◆ ENTRIES PROVIDED
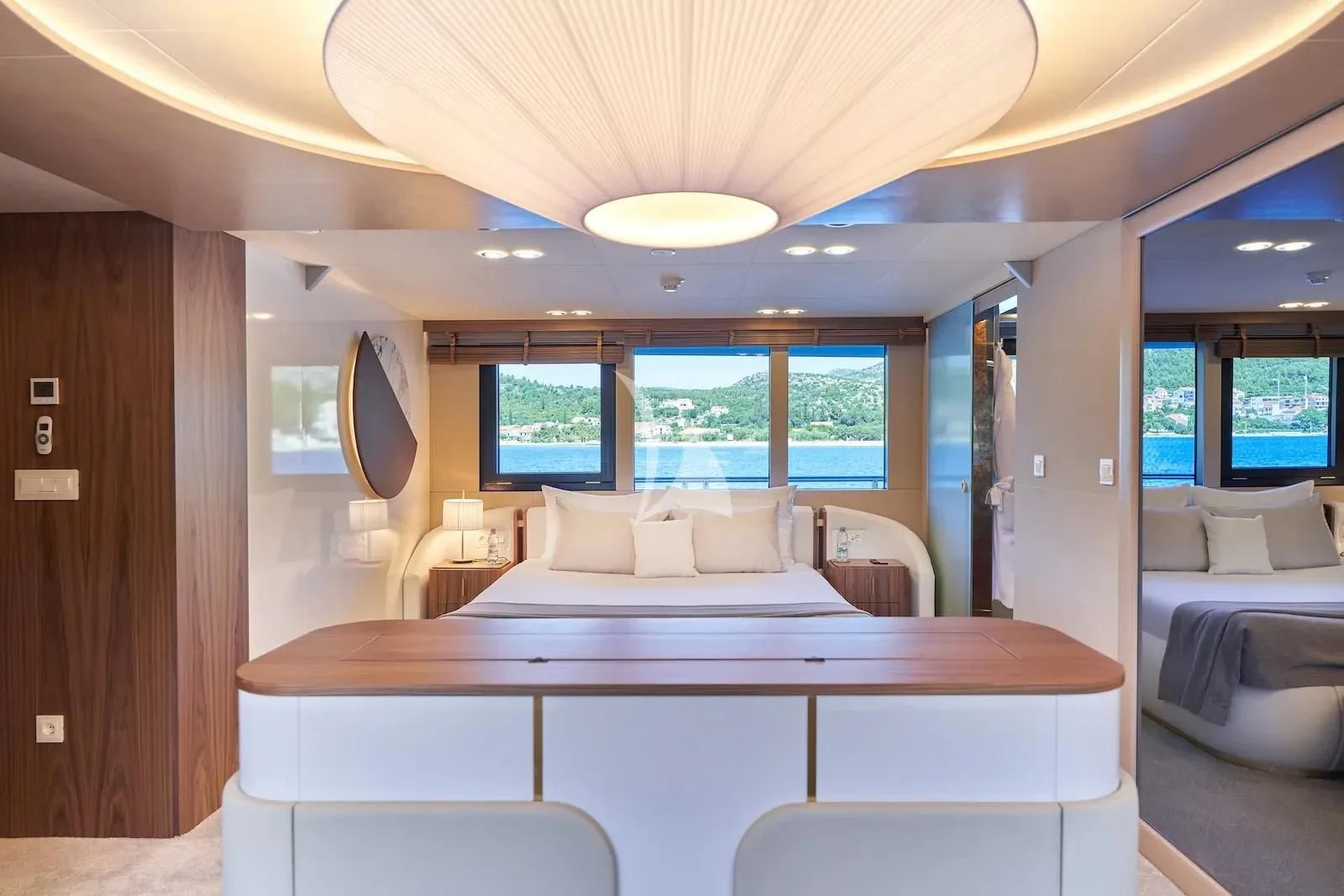 a room with a table and chairs aboard AETERNA Yacht for Sale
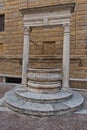 Well in front of a church wall at small square in Pienza , Siena province, Tuscany Royalty Free Stock Photo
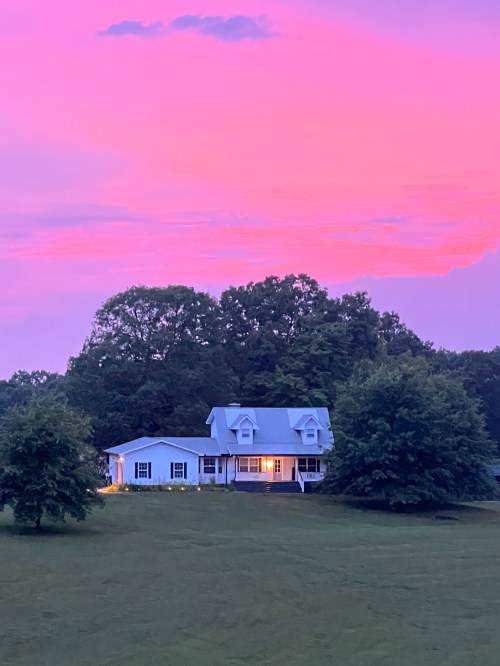 A charming white house with a porch, surrounded by trees, under a vibrant pink and purple sunset sky.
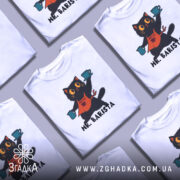 Футболка котик бариста, біла, зображена на манекені, фон світло-сірий, принт з котиком у фартуху, що тримає чашки з кавою, текст 'MR. BARISTA' під малюнком.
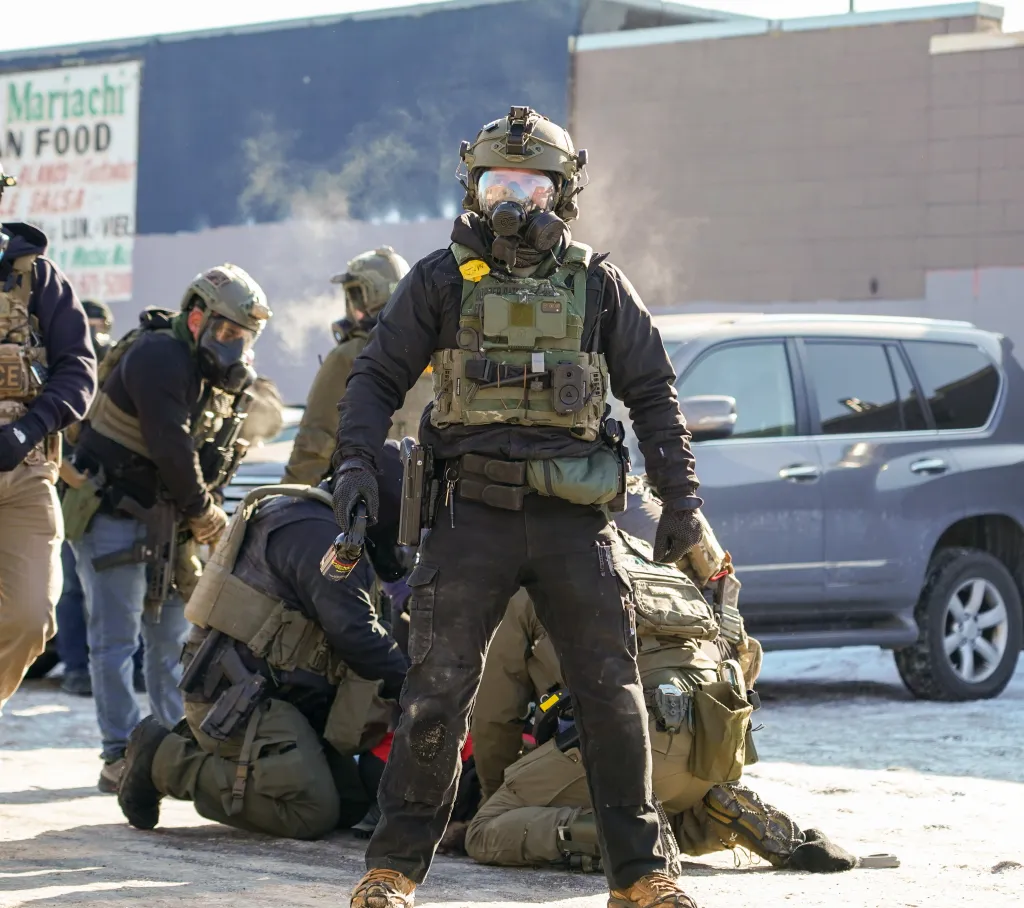 Federal agents in tactical gear, including gas masks, confront protesters following a fatal shooting in Minneapolis.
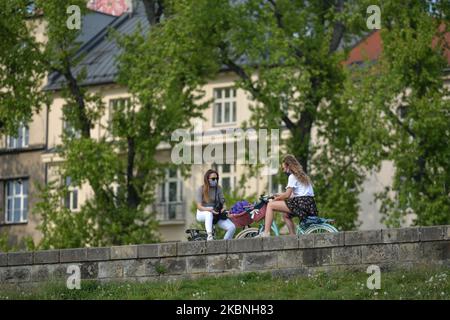 Deux jeunes femmes portant un masque de protection bavardes près du château de Wawel à Cracovie. Depuis lundi 4 mai, la deuxième étape du dégivrage de l'économie polonaise et du relâchement des restrictions a eu lieu. Les principaux changements concernent l'ouverture d'hôtels et autres logements, centres commerciaux (1 clients/15m2), institutions culturelles, bibliothèques, galeries d'art, musées, et centres de réadaptation, à l'exclusion des salons de massage. Samedi, 5 mai 2020, à Cracovie, en Pologne. (Photo par Artur Widak/NurPhoto) Banque D'Images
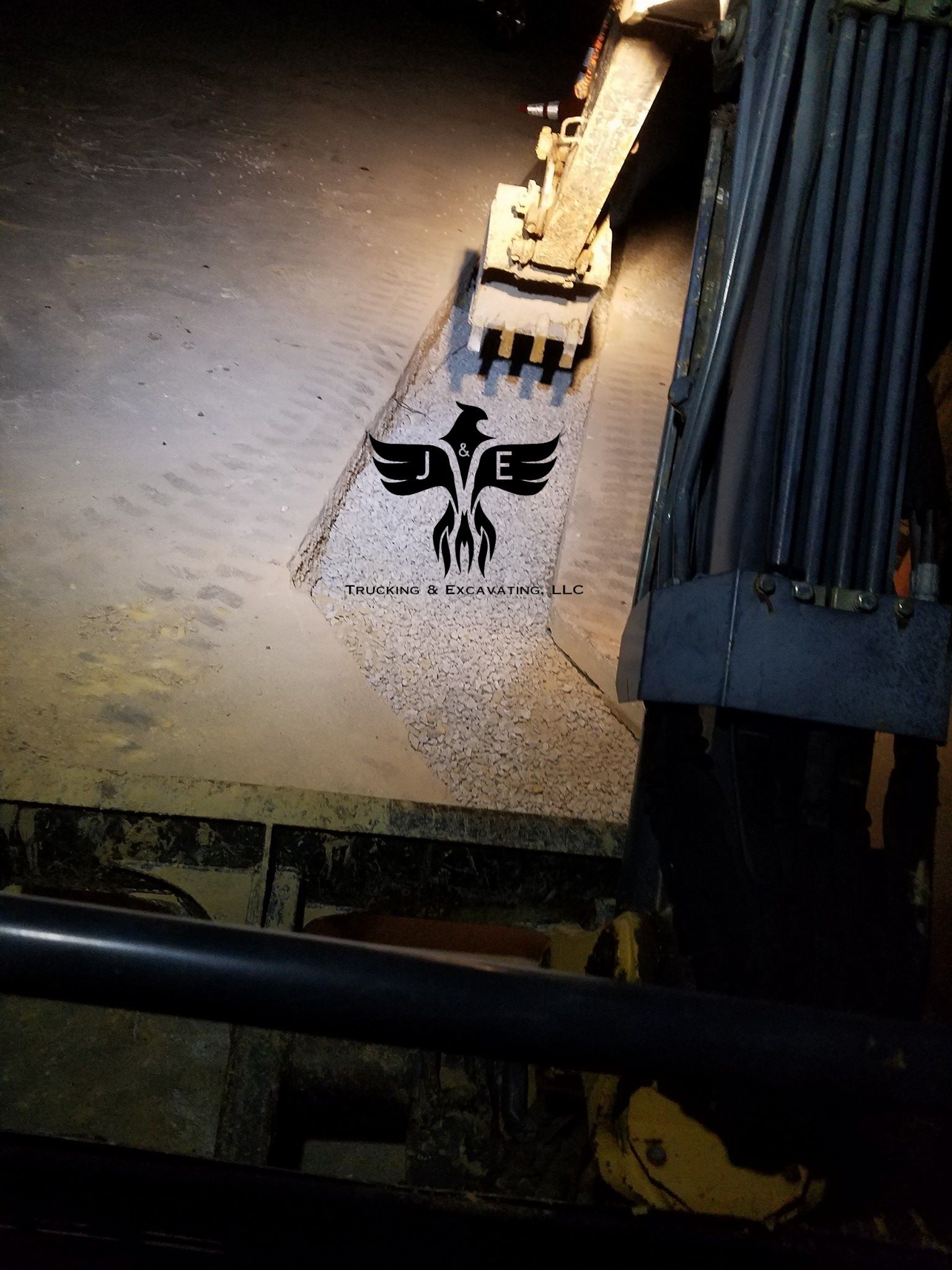 Aerial view of a beige surface with a black eagle-like emblem beside a building wall and machinery.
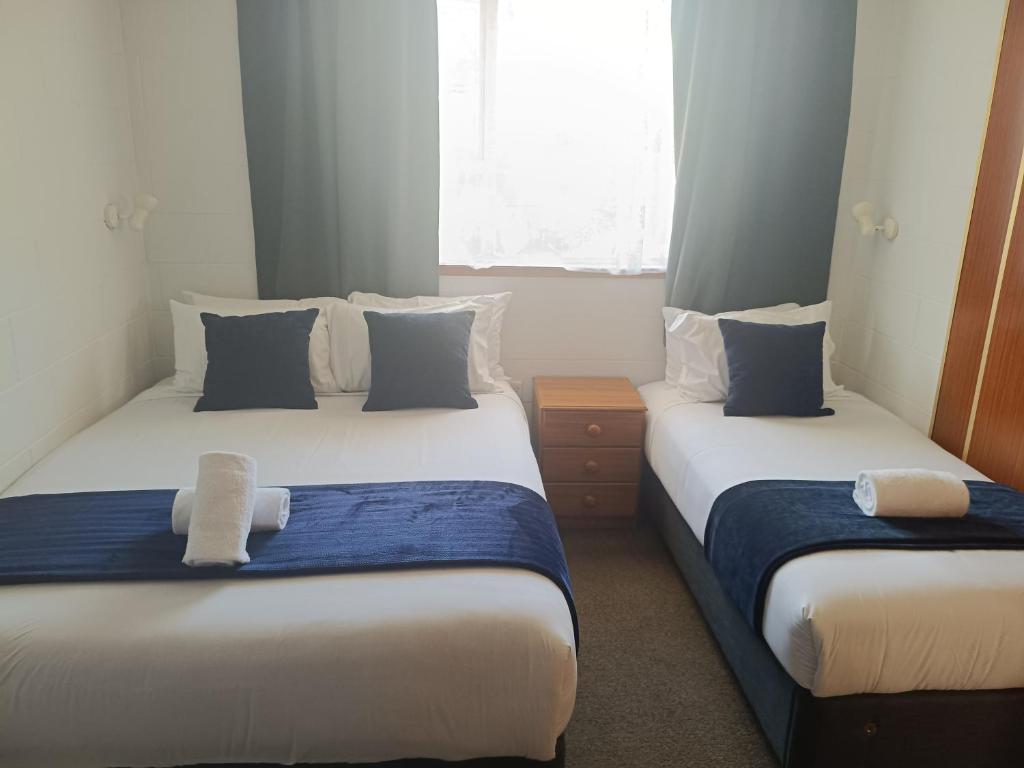 two beds in a small room with blue and white at Cumberland Motel in Dunedin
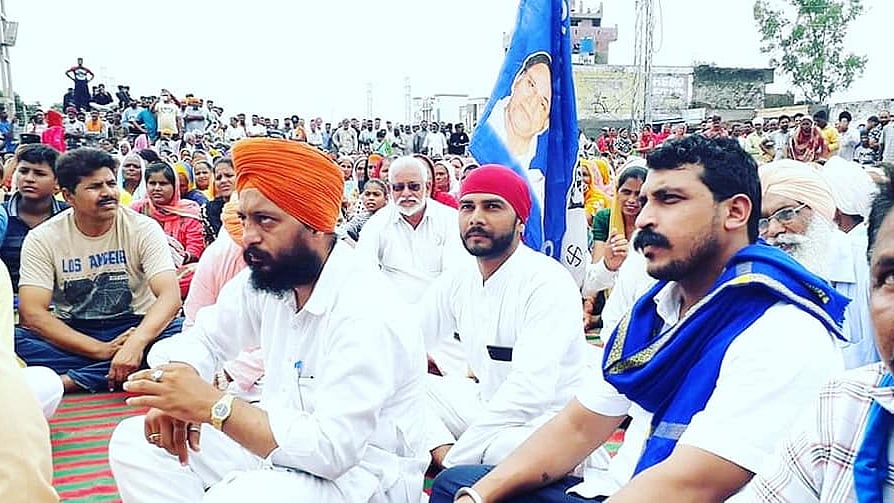 File photo of Bhim Army Chief Chandrashekhar Azad sitting in a protest against the demolition of the Ravidas temple in Delhi’s Tughlaqabad area.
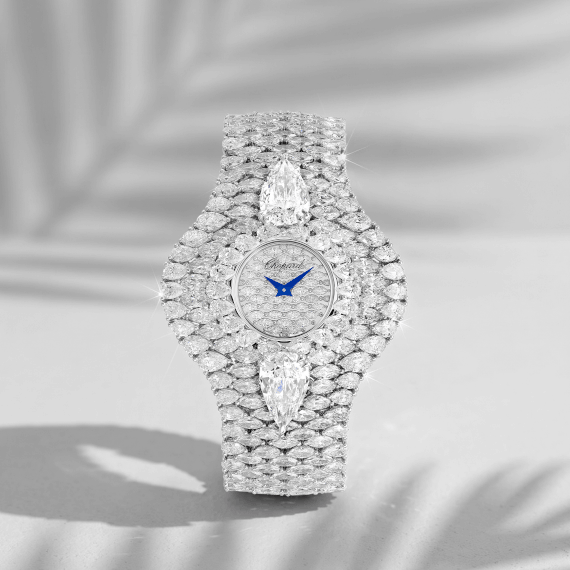 Ladies' watch crafted in Ethical white gold set with over 46 carats of brilliant, marquise, and pear-shaped diamonds - including two 3-carat pear-shaped diamonds framing the dial. 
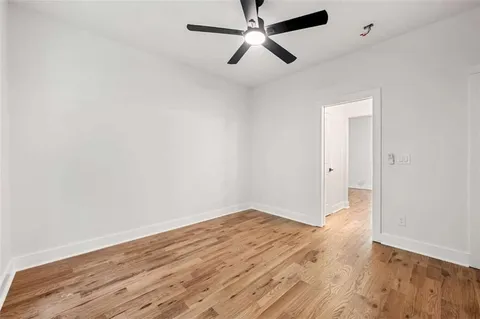 an empty room with wooden floor and a ceiling fan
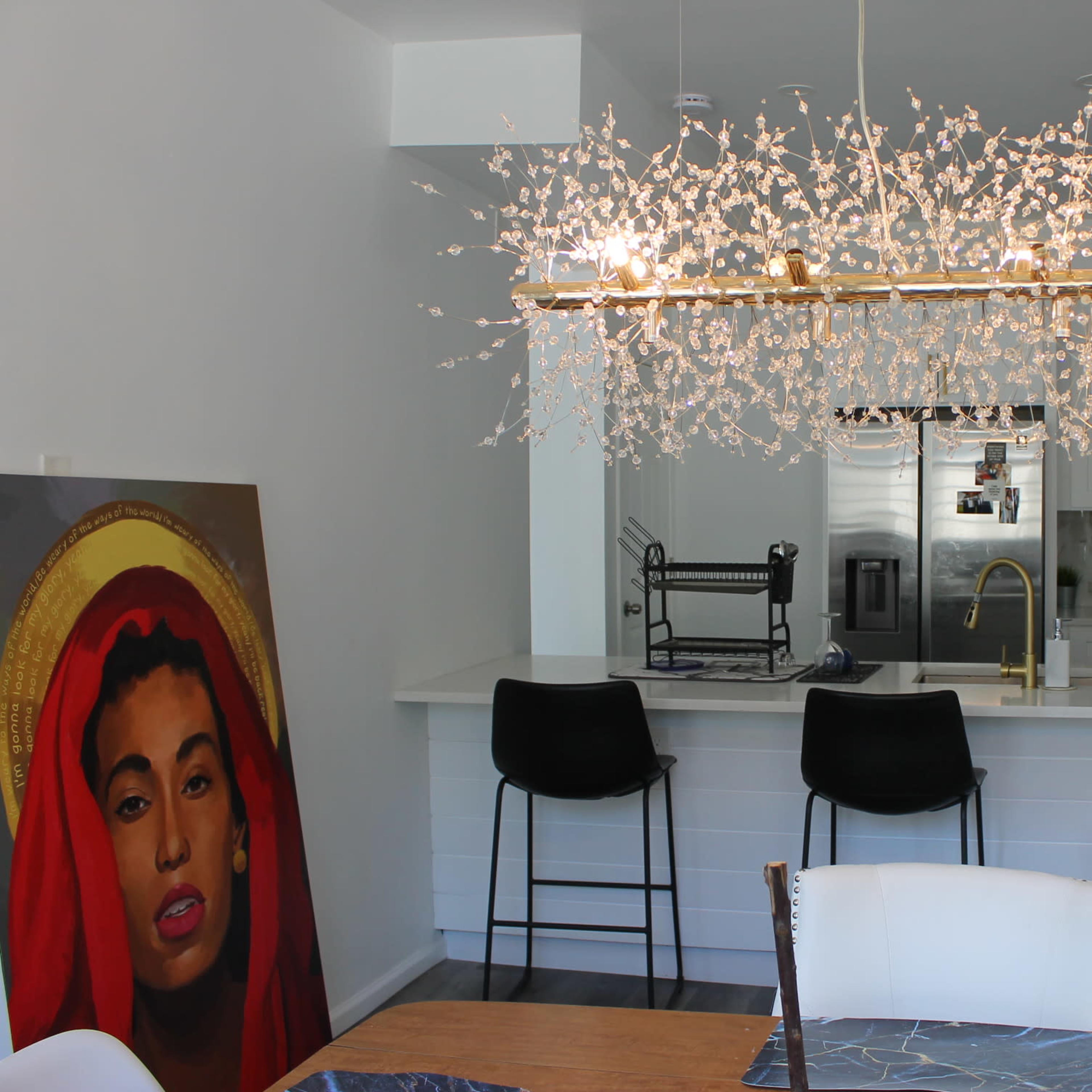 A modern kitchen features a decorative chandelier above a dining table, with a painting of a woman in red on the side.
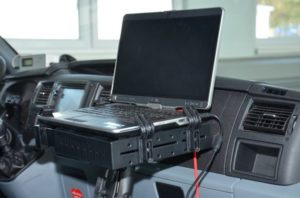 Laptop zamontowany na desce rozdzielczej pojazdu. Kluczowe obiekty: laptop, uchwyt, deska rozdzielcza.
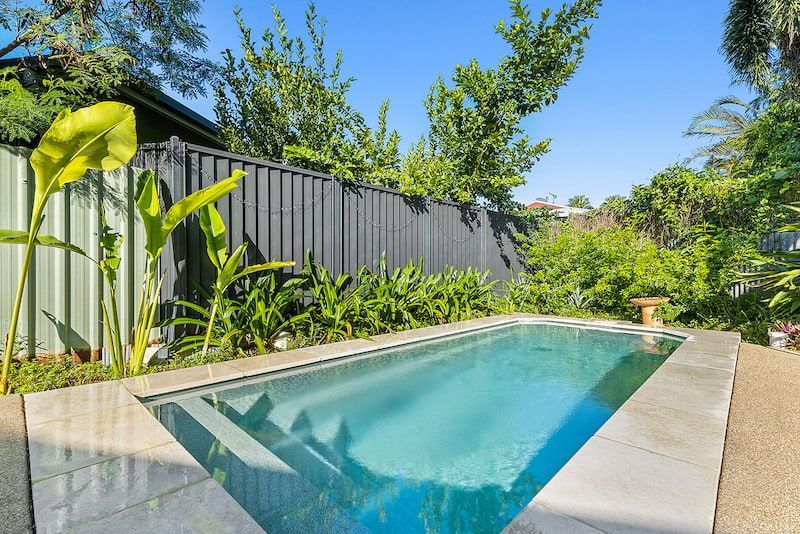 A Swimming Pool in a Backyard — Pooltech NT In Alawa, NT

◆ WHAT IS BEING ASKED
Copy the listing exactly. Leave the pictures out.

◆ THE COMPLETED TASK
 a room with a table and chairs aboard AETERNA Yacht for Sale
 Well in front of a church wall at small square in Pienza , Siena province, Tuscany Royalty Free Stock Photo
 A charming white house with a porch, surrounded by trees, under a vibrant pink and purple sunset sky.
 Футболка котик бариста, біла, зображена на манекені, фон світло-сірий, принт з котиком у фартуху, що тримає чашки з кавою, текст 'MR. BARISTA' під малюнком.
 Federal agents in tactical gear, including gas masks, confront protesters following a fatal shooting in Minneapolis.
 Deux jeunes femmes portant un masque de protection bavardes près du château de Wawel à Cracovie. Depuis lundi 4 mai, la deuxième étape du dégivrage de l'économie polonaise et du relâchement des restrictions a eu lieu. Les principaux changements concernent l'ouverture d'hôtels et autres logements, centres commerciaux (1 clients/15m2), institutions culturelles, bibliothèques, galeries d'art, musées, et centres de réadaptation, à l'exclusion des salons de massage. Samedi, 5 mai 2020, à Cracovie, en Pologne. (Photo par Artur Widak/NurPhoto) Banque D'Images
 Aerial view of a beige surface with a black eagle-like emblem beside a building wall and machinery.
 two beds in a small room with blue and white at Cumberland Motel in Dunedin
 File photo of Bhim Army Chief Chandrashekhar Azad sitting in a protest against the demolition of the Ravidas temple in Delhi’s Tughlaqabad area.
 Ladies' watch crafted in Ethical white gold set with over 46 carats of brilliant, marquise, and pear-shaped diamonds - including two 3-carat pear-shaped diamonds framing the dial. 
 an empty room with wooden floor and a ceiling fan
 A modern kitchen features a decorative chandelier above a dining table, with a painting of a woman in red on the side.
 Laptop zamontowany na desce rozdzielczej pojazdu. Kluczowe obiekty: laptop, uchwyt, deska rozdzielcza.
 A Swimming Pool in a Backyard — Pooltech NT In Alawa, NT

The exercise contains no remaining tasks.